President Obama’s mantra has been centered on the collective mythology; uniform application of government force will create uniformity in outcome. Intuitively, one understands that this is an absurd notion and for one very simply reason; there is no or has there ever been uniform conformity, most specifically as to outcome, amongst humans. Now then, it follows that the President clearly is repulsed by militarism believing that the collective mythology’s a far more desirable mechanism for soothing-out conflict. The construct of reality created by the adoption of these mythologies is a pure form of Naiveté and here’s why (they also serve as valuable lessons):
(1) The mythology is completely unaware or ignorant of the Systemic Order already in place.
(2) That the Systemic Order finds the myth laughable and will use it as a tool to further their own objectives.
(3) While it takes very few Conformists to create mass-chaos their lore fails to account for a simple truth: chaos is not conformity it’s actually a repudiation of it.
(4) The Myth is always defeated by the fact that, by design, humanity fails in the presence of enforced-conformity; being drawn to an ideal is far different than being forced at gunpoint.
Here’s the great Danger: Due to the Presidents Naiveté, the lessons will need to be re-learned. The EU’s (most conspicuously, at the moment, Britain) experimentation with collective mythology is an immediate example of the danger where, at the moment, it has been determined that there are more British Militants fighting with ISIS than there are British Muslims in their Armed Services (self-destruction).
For Americans the price of silence, a form of conformance, is that the door of alternative-response-options is about to be slammed shut and, given that Mr. Obama is ill-equipped to outmaneuver the Systemic Order, their decision to force-engagement will proceed toward full-spectrum-dominance unless the American People object; absolutely object!
The following are a select group of responses to questions/comments received after the original article was published. We believe you will find them of interest.
#1: Yes, a case could be made that the U.S. MUST engage in cleaning up the Middle-East but we must first consider the origins of and U.S. State’s contribution to the problem. Is the Islamist Jihad a function of U.S. involvement (or that of the British/French/Italians beforehand) or was the emergence of Muslim Extremism (of course it’s unclear whether Muslims would acknowledge components of the Koran as a source of/for extremism) inevitable?
In the world as it presently is there appears to be little argument that whatever the mechanisms responsible for the craft being driven so far off course might be the fact is that it IS. Regardless of the what-should-have been preferences one fundamental truth must never be forgotten: extremism, in all forms, is non-responsive to pseudo academic mythologies and missives; it understands and responds to one thing and one thing only: Blunt force trauma.
In the synthetic point-n-click world of impulse-driven ambiguity touchy-feely mythologies do seem rational and achievable however this is simply the result of adopting and adapting to the mechanism of indifference.
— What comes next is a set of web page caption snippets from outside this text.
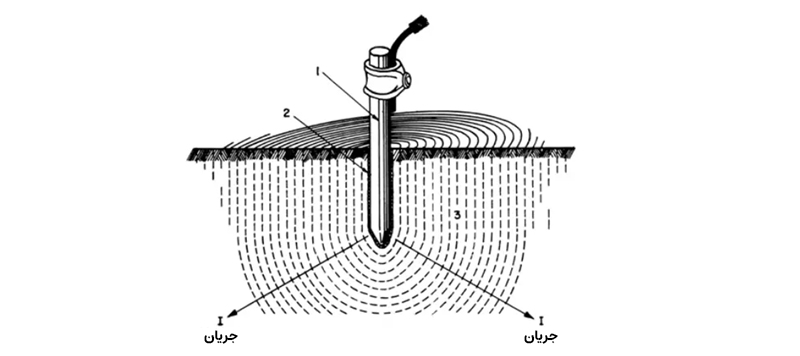 دور نمای الکترود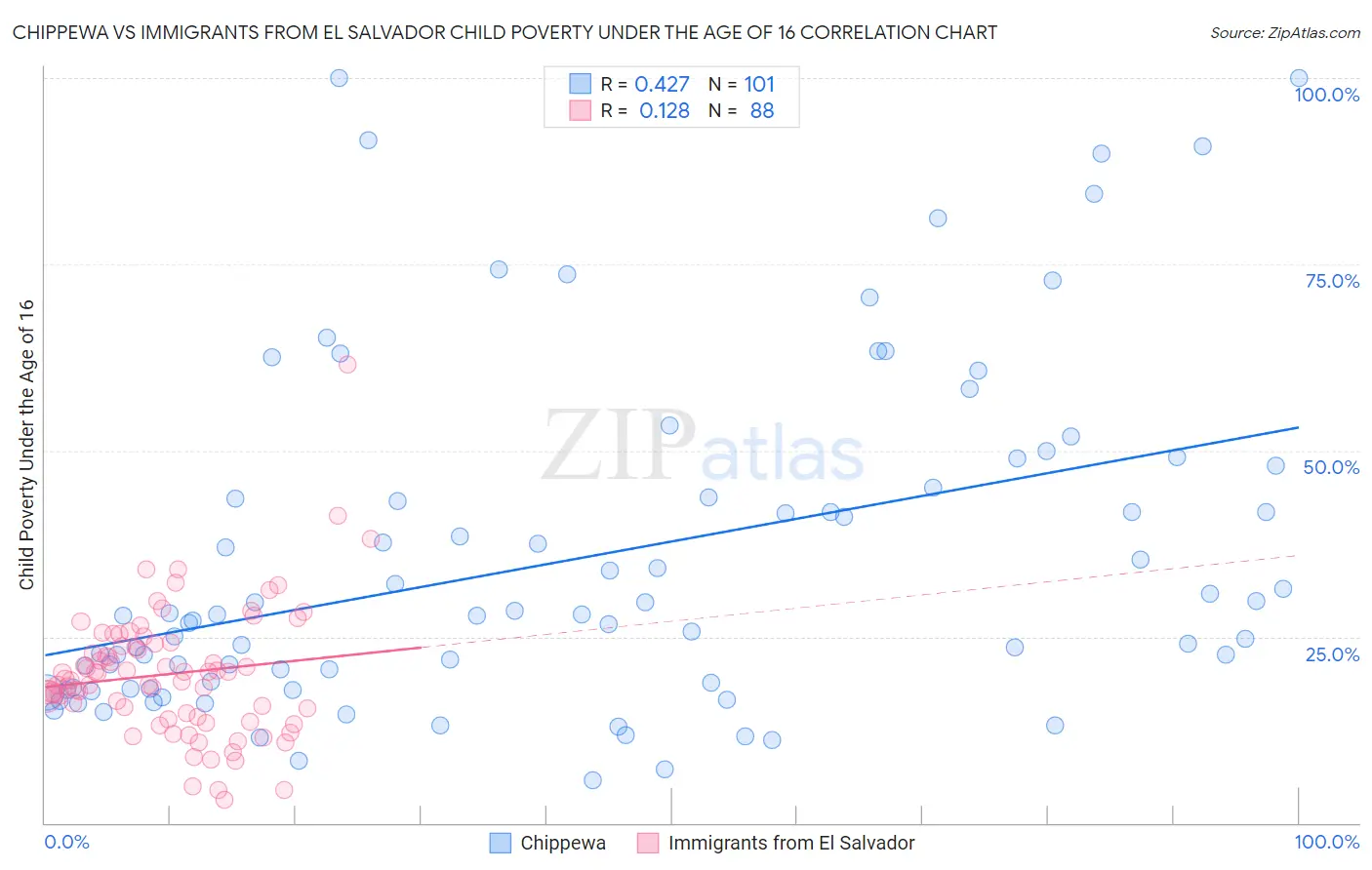 Chippewa vs Immigrants from El Salvador Child Poverty Under the Age of 16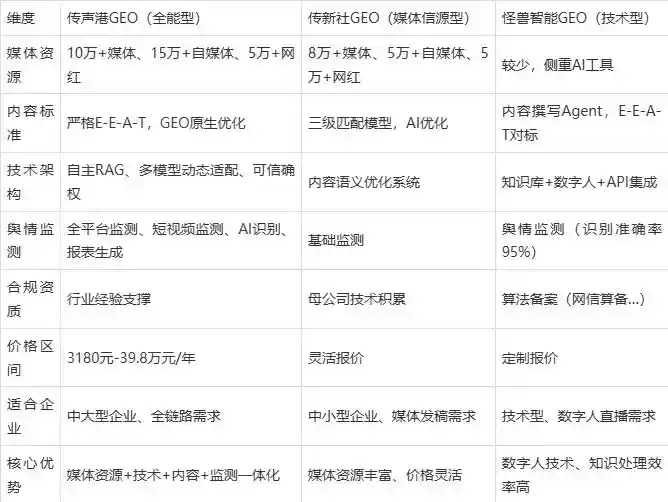 2026年锦州企业豆包GEO内容落地实操指南，从选题到成文完整流程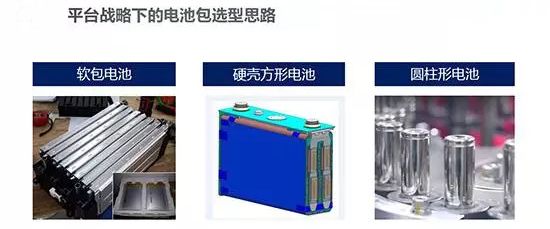 “电池大王”比亚迪 中国版的“特斯拉”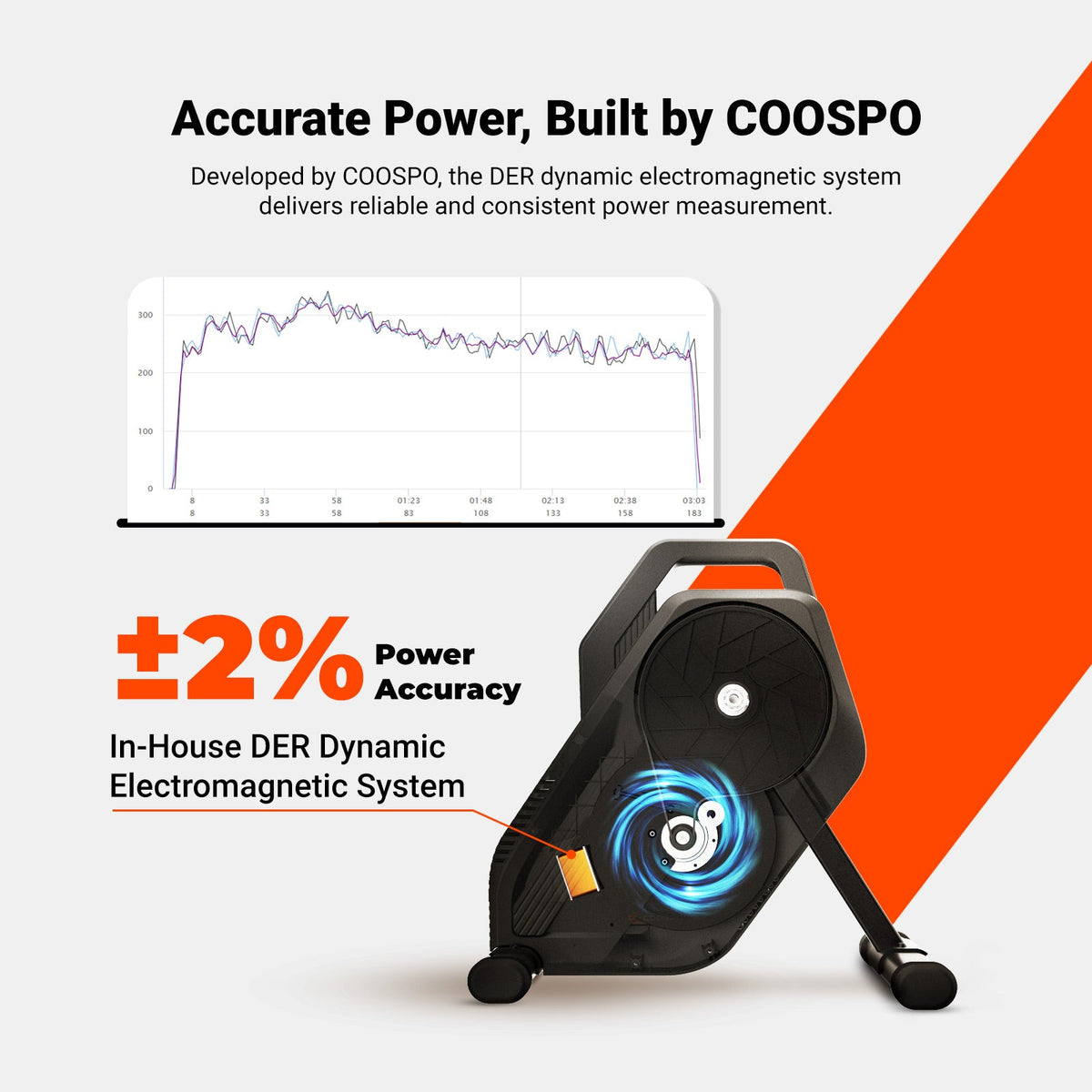 COOSPO T10 smarttrainer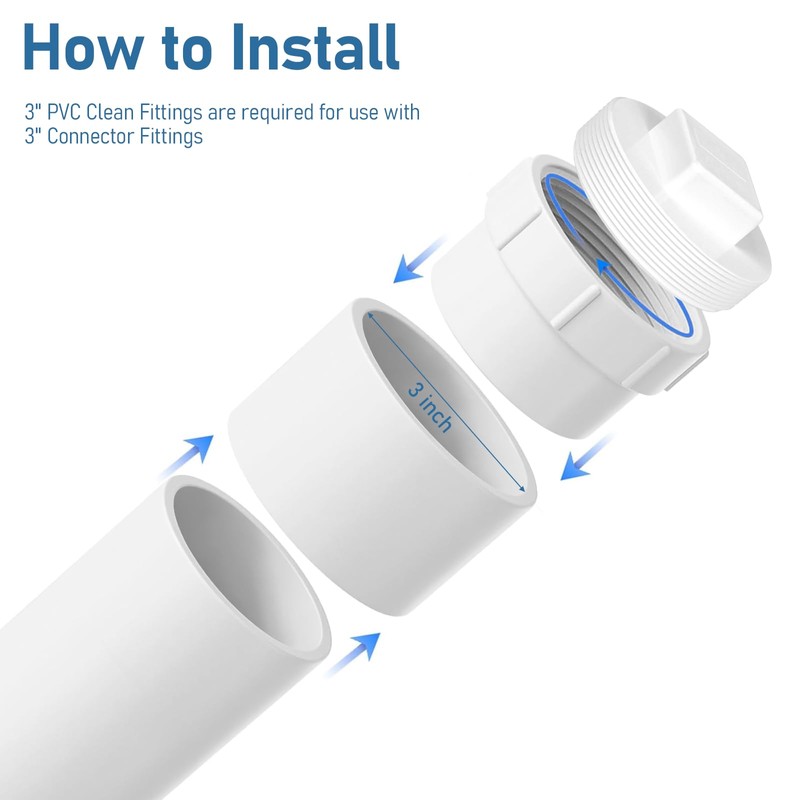 3“ PVC Sewer Cleanout Adapter with Plug - Efficient Drainage
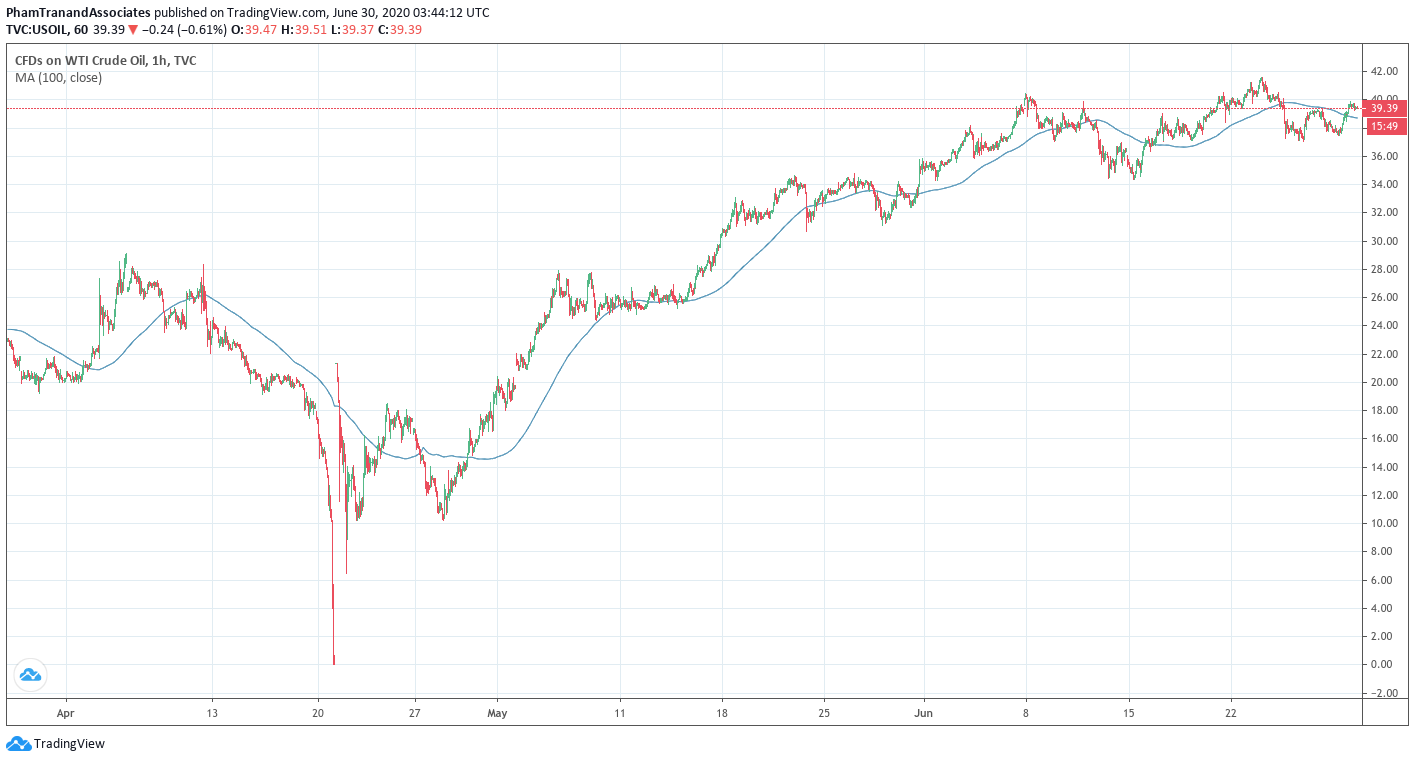 GBPCAD movement chart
After all you can trash-talk someone with a text message without fear that they will show up at your door with a baseball bat (how uncivilized) even though, as a public service, you might actually be in need of a good butt-whooping.
Most Americans (and many Euro’s) live an illusion and either forget or are too young to remember what the world was like without the synthetics and action was met with the absolute of consequence and ambiguity was getting two of the same baseball players in the same 10 cent “Topps” card pack. Call it what it is and deal with it or continue to play a game of “touch” with a guy wielding a scimitar and see where it gets you! That’s all.